Firstly I’d just like to say that this isn’t any kind of personal attack on the Queen or the British monarchy, in fact I commend them for modernising their image and presenting this information to the public using media that is likely to be read and used by a whole different generation of people.
However, looking at the site from a technology, usability and scalability point of view there’s a number of things wrong with the website that could have been done differently and would have solved a number of problems that I’m sure they’ll encounter in the future.
Some content management systems present problems when it comes to styling elements consistently especially when they’re template based and there are occasions when inline styles are the best solution.
However, the Queen’s new website seems to use a large amount of CSS written inline for no apparent reason. Width’s, Height’s, Margin’s, Visibility, Cursor’s all make an appearance in the HTML code and you can’t help but think that these were either added due to laziness or down to last minute fixes due to cross browser compatibility issues. Either way, I suspect that these could have been avoided.
Non semantic markup
The basic mistake that web developers make these days is to believe that HTML is easy. Creating an HTML page is easy, however creating one that uses semantic markup is a different ball game all together and the Queen’s website suffers badly from this issue. Using unordered lists for navigation and using sequential heading elements where there are headings is good practice not only for accessibility and usability but also, as Julian Sambles pointed out in his article, it’s good for SEO.

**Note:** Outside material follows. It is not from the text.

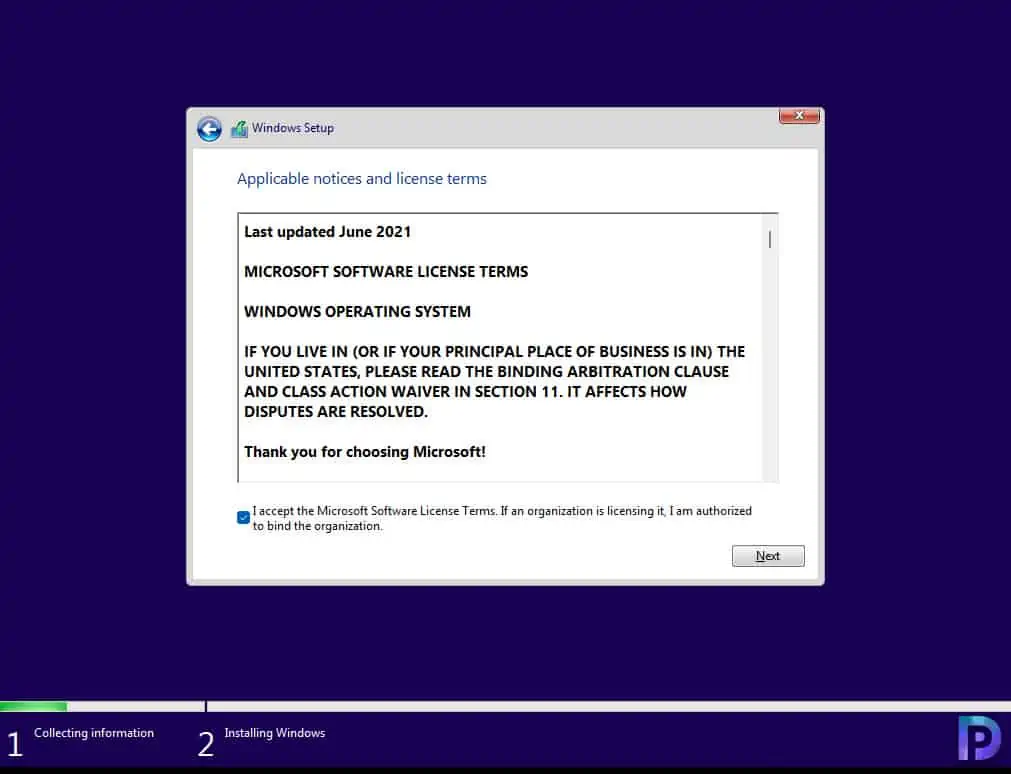 Download and Install Windows Insider Preview using ISO file 8 Accept Microsoft Software License Terms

This is an illness with a lot of websites and a great explanation of the problem can be found here. To summarize, it’s where semantic markup is replaced by div’s throughout a webpage. Throughtout the Queen’s webpage are a number of instances where things that should have been created as unordered lists have simply been surrounded by div’s. This is usually common when people are first switching from table based layouts to CSS and is a difficult habit to break but I would have expected something of the stature of the Queen’s website not to suffer from this problem.
Hardcoded CSS Heights
This is a common problem that I see on a daily basis and is usually an issue where newbies fail to understand the method of clearing floats properly and to solve the problem simply hard code a height on containers. Just looking at the HTML of the homepage, there’s a number of instances where this has occured and could have so easily have been prevented if the developer had either used overflow: hidden; to cover the floated columns or used clear: both; to clear the footer.
The problem with just using a hardcoded height is that it simply hides the actual problem and creates a problem for future content editors. If at some stage in the future the content is expanded and exceeds that height then the height or the container will not expand correctly and the height will have to be altered.
It’s a really basic principle of CSS to understand clearing floated elements in CSS so again is a little bit surprising to see such basic flaws with the Queen’s website.
This isn’t an in depth analysis of the site but were a few quick things that I spotted on the site and thought were worthy of a mention. And once again, this isn’t to say that everything about the site is bad, in fact it’s a hundred times better than a lot of the government and council websites that are out there at the moment.